My most disastrous experience happened when I first rejoined Library Services at Education Service Center Region X. I was training for the Texas Library Connection and was demonstrating how to use a government document search. Somehow my fingers did not type in a “g” but a “l” and on our large training screens appeared a LOVE CHAT ROOM. I turned red, my fellow librarians laughed and we discussed how this could happen to anyone and how to handle it.  When I do presentations now, all websites are bookmarked on my computer or saved to a disk before I begin the session. 

  My funniest experience has been the repeating of certain phrases as I train using media. The main words I seem to repeat over and over are:

  1. Most of the time…. . 

  2. It usually works…. . …

  3. It should be a quick search…. . 

  4. It is somewhat dependable…. . 

I sound like I did when our three daughters were small and would perform in public- just the opposite of how they acted in private. 

My finest success was the summer that several librarians in Region 10 joined in a week-long workshop. Web page development was to be a simple two-day section. The librarians became so excited over the similarity of MARC and HTML (each code is so concrete) that we spent the whole week creating their own library web pages. I spent my evenings just staying ahead of their needs. To work one week with librarians who wanted to push that mark and learn how to have creative sites for student use was a perfect joy to me. 

From Juanell Marks

In the category of innovative: I was to do a training class, but all the participants had their backs to me because they were facing their monitors that were facing me. I could see the screens but not the participants. I made name badges for everybody and stuck them on their backs so I would know who I was talking to and they would know as well when I called their names. I also used my laser pointer to point out things on their screens from behind them. This setup was different but it worked. We had a good time with it. We had to make sure we removed all the name badges from each other’s backs so we didn’t go in public wearing them. 

In the category of funniest experience: I had gone through my introduction and was beginning to demonstrate one of our online databases. I was moving the mouse when the top button just flew off my suit coat. The buttons on that coat were fairly large so when it fell, it made a noise and everybody heard it. Some saw it fall. I said, "Oops”; picked it up, put it in my pocket and went on with the training.  A little later, my second button flew off and hit the floor with a ping.
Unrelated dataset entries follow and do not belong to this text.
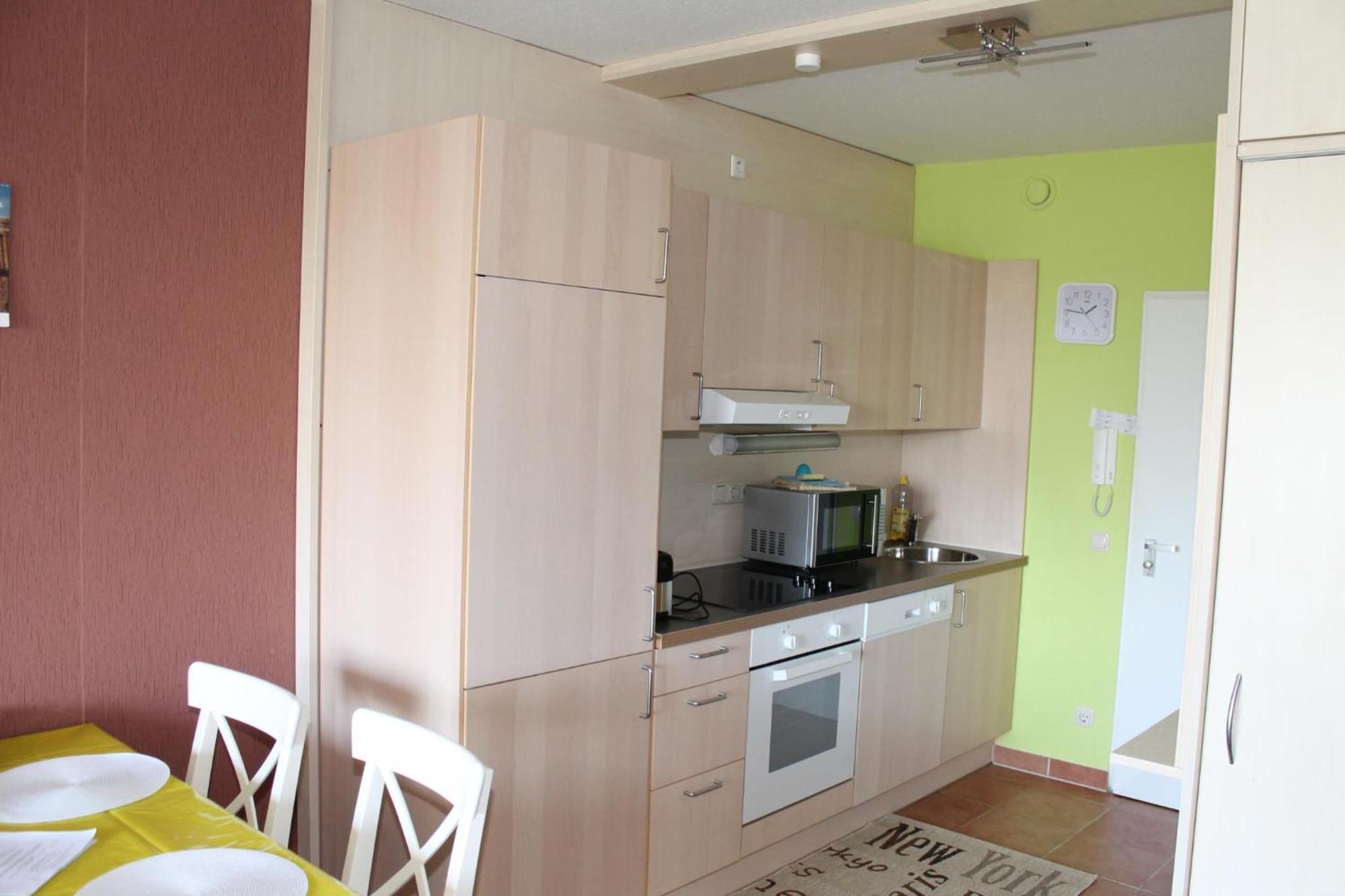Ferienwohnung E511 Fuer 2-4 Personen An Der Ostsee ブラズィリアン エクステリア 写真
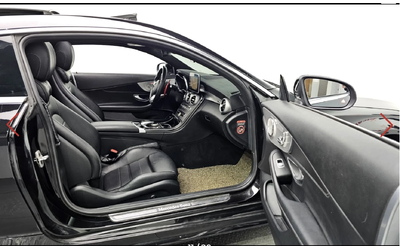 Mercedes-Benz C 200 AMG* PACK* BURMESTER* ПОДГРЕВ* КАМЕРА* ХЕДЪП* - автомобили, коли, обяви за нови и употребявани 12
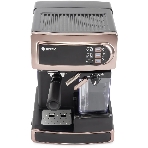 Кофеварка рожковая Vitek VT-1517 GD золотистый, исп. кофе - молотый, 1.65 л, 1238 Вт, 15 Бар, фото5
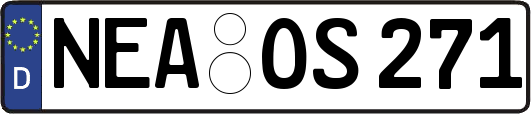NEA-OS271
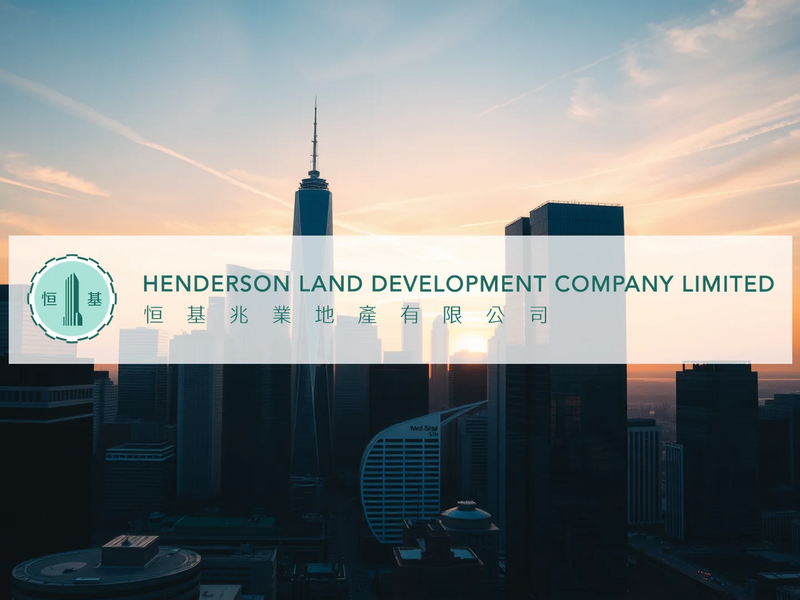 Henderson Land Development Aktie: Neueste Berichte - Foto: über boerse-global.de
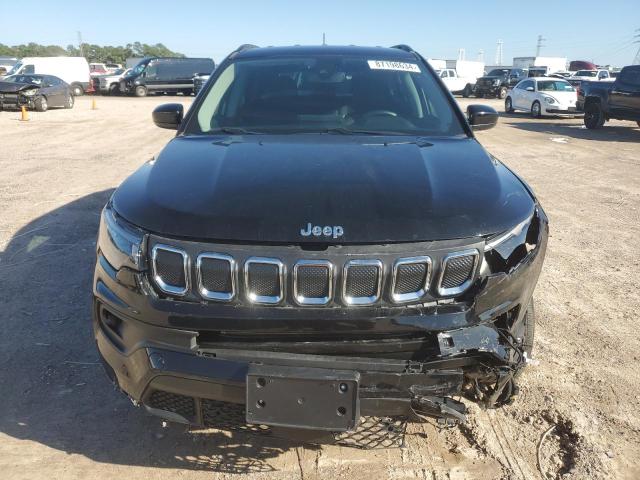  JEEP COMPASS 2022 Чорний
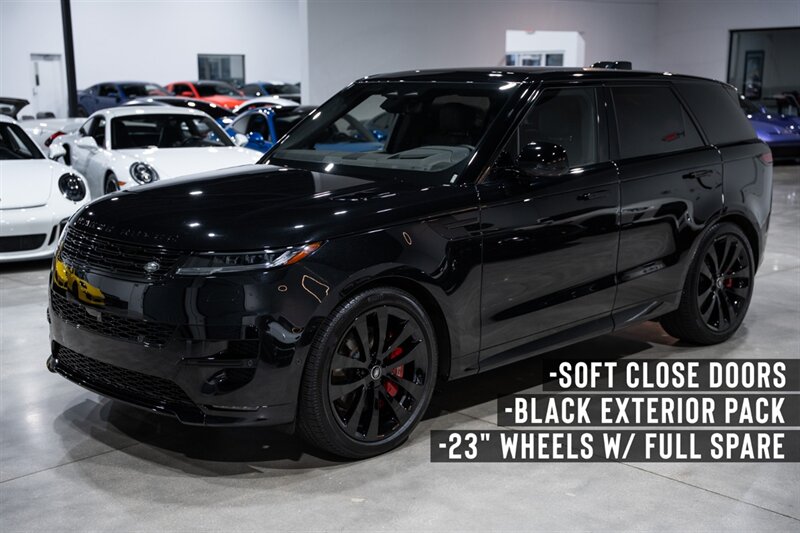 2025 Land Rover Range Rover Sport P530 Dynamic SE  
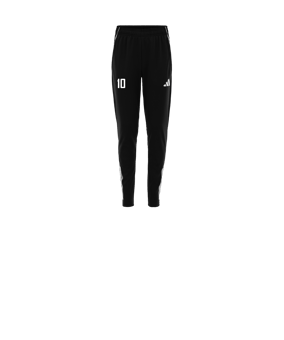 adidas Tiro 25 Competition Trainingshose Kids Schwarz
I couldn’t believe it. I bent down and picked it up and said, “Well, I’m just so proud to be here, I’m popping all the buttons off my coat. ”We all had a good laugh. 

In the category of finest experience: I was new on the job. I was training on computers. This was my first training. I was scared and had stayed up all night long preparing and studying. When I arrived at the training site, the room was huge. About 100 people had been expected. I got set up and was ready; I even had a remote microphone. I was so keyed up. I went through the training with flying colors and when I was through, the audience gave me a standing ovation. I almost started crying.  No one in that room had any idea how much that standing ovation meant to me. I haven’t gotten a standing ovation since, but I will never forget it. It reminds me that I can never put too much effort into preparing for a training class. Hard work does pay off!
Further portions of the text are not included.